Sidorejo Wellness Tourism yang berada di Desa Wisata Sidorejo, Kulon Progo, menghadirkan konsep spa berbasis lingkungan dan komunitas. Destinasi ini menekankan keaslian bahan-bahan alami serta kearifan lokal, sekaligus memosisikan diri sebagai wisata kesehatan tradisional yang memperhatikan aspek keberlanjutan dan pemberdayaan sosial-ekonomi warga setempat.
Dengan menjunjung nilai budaya dan tradisi Jawa yang diwariskan lintas generasi, Sidorejo Wellness Tourism menawarkan pengalaman bagi wisatawan minat khusus yang mencari keseimbangan tubuh, pikiran, dan jiwa.
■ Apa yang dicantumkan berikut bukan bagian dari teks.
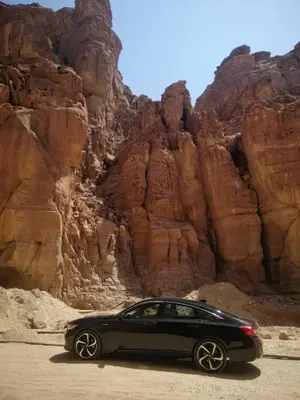 a black car parked in front of a mountain at سياره ليموزين in Amman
Salah satu ciri khasnya adalah ritual awal yang bersifat personal. Setiap perjalanan wellness dimulai dengan meminta pengunjung menyampaikan nama asli dan tanggal lahir untuk menghitung wuku, sistem penanggalan tradisional Jawa yang disebut mirip zodiak. Hasil perhitungan wuku ini digunakan untuk menentukan jenis terapi dan racikan herbal yang dinilai sesuai dengan kebutuhan masing-masing individu.
Penyambutan pengunjung diawali dengan segelas racikan herbal yang dibuat dari bahan-bahan alami. Minuman ini menjadi bagian dari rangkaian awal yang ditujukan untuk memberi energi positif sekaligus manfaat kesehatan.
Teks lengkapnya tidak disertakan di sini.